Rafael López Aliaga no será el alcalde de Lima. Será su presidente. Su dictadorcillo sin facultades. Su campaña así lo reflejó. Promesas presidenciales que ni un presidente podría cumplir: hambre cero en un país con inversión privada estancada e inflación sostenida; delincuencia cero en un país en el que el objetivo del Ministerio del Interior no es proteger a la ciudadanía, sino a Pedro Castillo; y corrupción cero en el país donde pareciera que esta se inventó. Sus eslóganes electorales hacen del ‘Toledo, más trabajo’ del 2001 una promesa distrital.
Como presidente electo de Lima, López Aliaga cree que puede hacer oposición desde la municipalidad. Ha rechazado una reunión con el presidente de la República cuando en buena medida sus propuestas, como las modificaciones al Metropolitano y el proyecto de conectar el norte y el sur de la capital con redes subterráneas, dependerán del Ministerio de Economía y Finanzas (MEF) y del Ministerio de Transportes y Comunicaciones (MTC). Esto, con el agravante de que los ministros en este país se cambian como la ropa interior.
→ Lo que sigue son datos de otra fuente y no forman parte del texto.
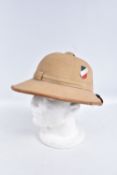A WWII ERA GERMAN AFRIKACORPS PITH HELMET WITH DECALS, this is the beige coloured tropical sun hat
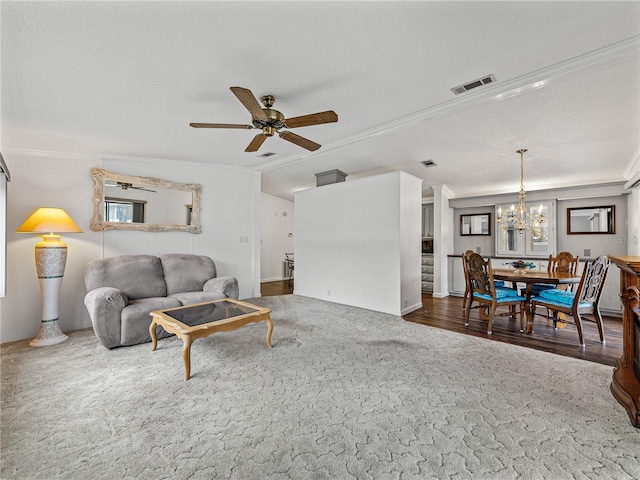 living room with ceiling fan with notable chandelier, wood finished floors, visible vents, ornamental molding, and plenty of natural light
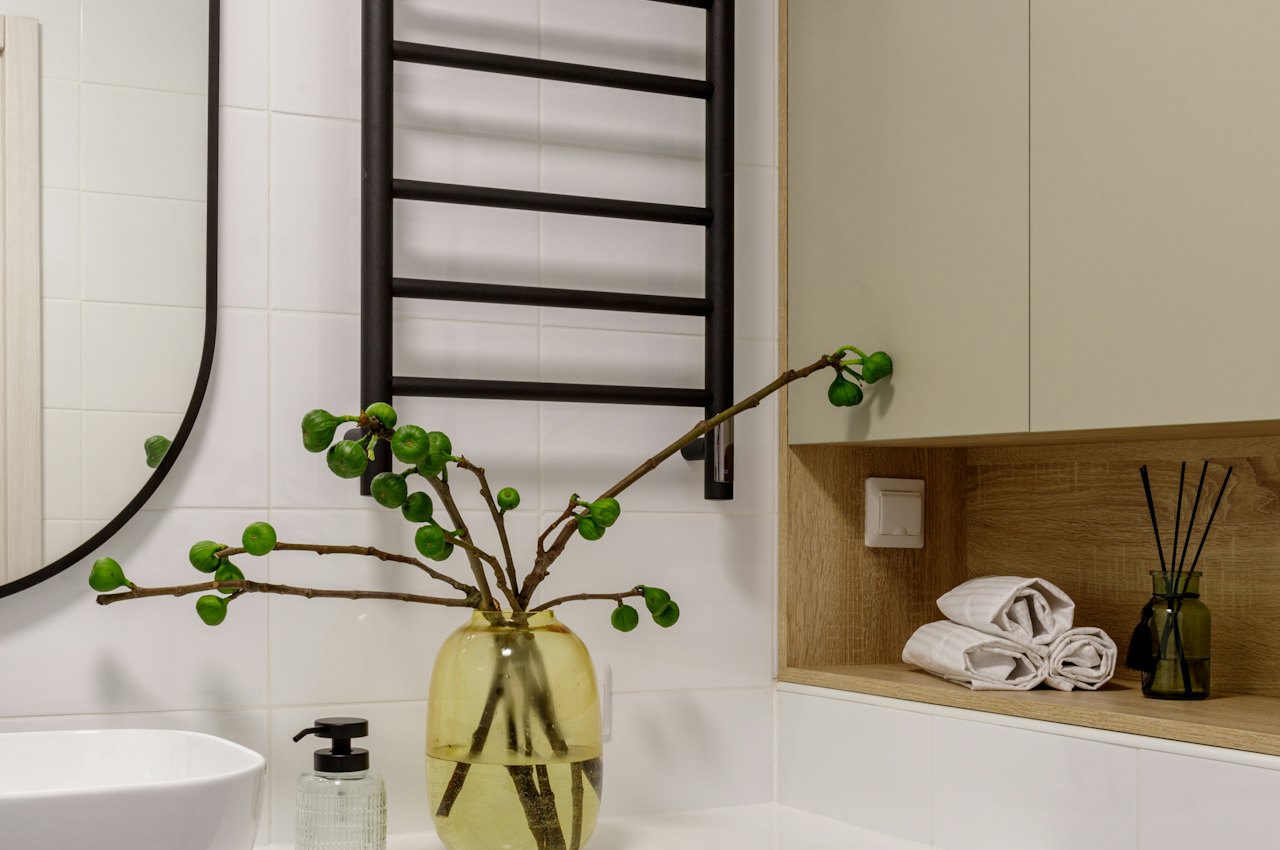 Petite salle de bain avec machine à laver installée près d'une vasque et d'un plan de rangement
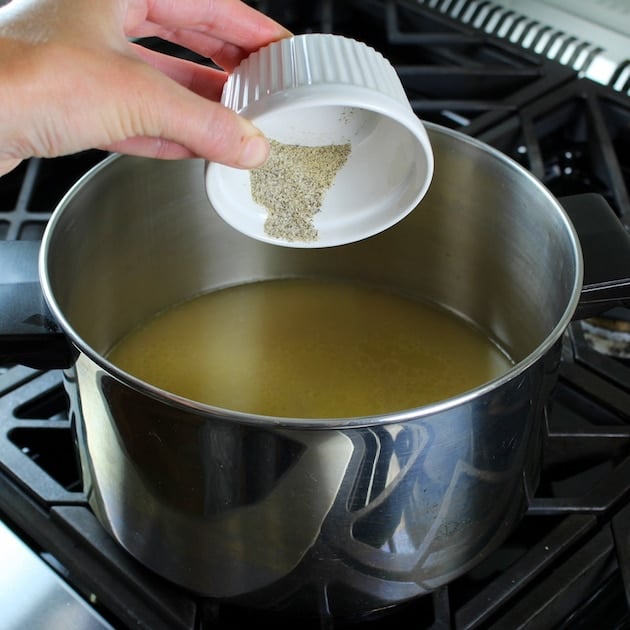 Adding salt and pepper to a pot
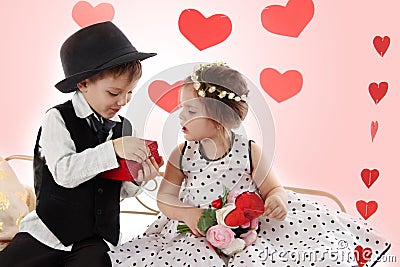 Girl and boy sitting together like lady and gentleman giving present Stock Photo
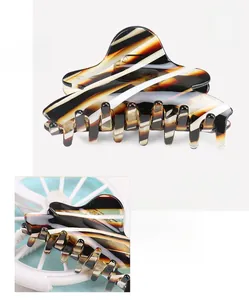 Detail view of cellulose acetate hair claw clip showing 8.9x4.5cm size and 23.3g weight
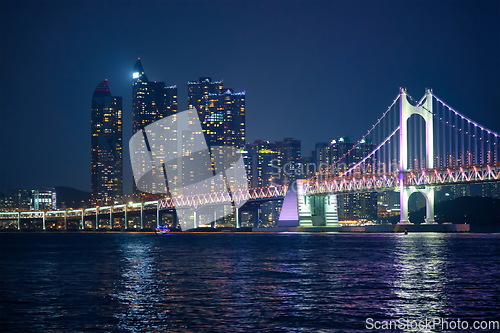 Image of Gwangan Bridge and skyscrapers in the night. Busan, South Korea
Las consecuencias de una actitud presidencial en el próximo alcalde de la capital pueden terminar afectando la calidad de vida de los limeños. Aunque Castillo sea formalmente un acusado por corrupción, que el alcalde le dé la espalda creyendo que está al mismo nivel que un presidente de la República –al menos en investidura– no es más que un juego de suma cero en el que los perdedores seguirán siendo las presas de las motos rapaces, las señoras que atienden su botica a reja cerrada o los pacientes resignados de las colas del Metropolitano.
No vaya a ser que la actitud presidencial-opositora de López Aliaga motive a que el Ejecutivo lo termine marginando. Es por todos sabido que en obstrucción Castillo tiene una maestría original. Con funciones limitadas por un exiguo presupuesto, la competencia de la Autoridad de Transporte Urbano (ATU) sobre el caos del tránsito, la del Ministerio del Interior en la ley de la selva que impera en las calles y la del MTC sobre proyectos de infraestructura, la Municipalidad de Lima necesita aliados, buenas relaciones y mucho diálogo. Un alcalde con ínfulas de presidente y poco respeto por las instituciones no es necesariamente un ejemplo de diplomacia.
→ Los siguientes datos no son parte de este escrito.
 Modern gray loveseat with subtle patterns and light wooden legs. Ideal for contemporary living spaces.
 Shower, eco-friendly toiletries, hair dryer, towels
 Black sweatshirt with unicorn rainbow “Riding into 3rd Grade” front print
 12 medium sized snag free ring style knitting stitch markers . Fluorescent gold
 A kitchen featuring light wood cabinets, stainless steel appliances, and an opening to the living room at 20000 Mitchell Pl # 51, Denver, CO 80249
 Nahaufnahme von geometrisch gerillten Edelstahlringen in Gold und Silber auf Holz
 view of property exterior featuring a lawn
En la historia reciente, la Municipalidad de Lima ha sido principalmente técnica y administrativa. Su esencia ha sido la gestión; desde luego, no aplicar políticas públicas y, mucho menos, fiscalizar. El estilo en los últimos períodos municipales ha sido silencioso, de perfil bajo, casi anodino. Luis Castañeda no habló, a Jorge Muñoz no se le vio, al de ahora no se le conoce el nombre. Rafael López Aliaga es todo lo contrario. Es grandilocuente, ideologizado, de formas caudillistas.
Como presidente de Lima, López Aliaga no será tanto un gestor o un administrador, sino un político. Creerá cabalgar el caballo de Napoleón mientras se mece en el pony municipal. Será noticia constante, a diferencia de los últimos alcaldes; los medios estarán detrás de sus metidas de pata verbales, de su prepotencia. También los liberachos –'liberales’ de ideas progresistas, pero actitudes de fachos– que se ofenden por todo y los conservadores que verán en él a un reivindicador.
Cursando ya el séptimo año de una crisis política ininterrumpida, habiendo pasado de una guerra explosiva entre el Ejecutivo y el Congreso a una pugna de barrio con la fiscalía como réferi, ahora los doblegados limeños tendrán que acostumbrarse a la polarización, la división y el enfrentamiento, esta vez desde uno de los últimos bastiones sin contaminar: la Municipalidad de Lima.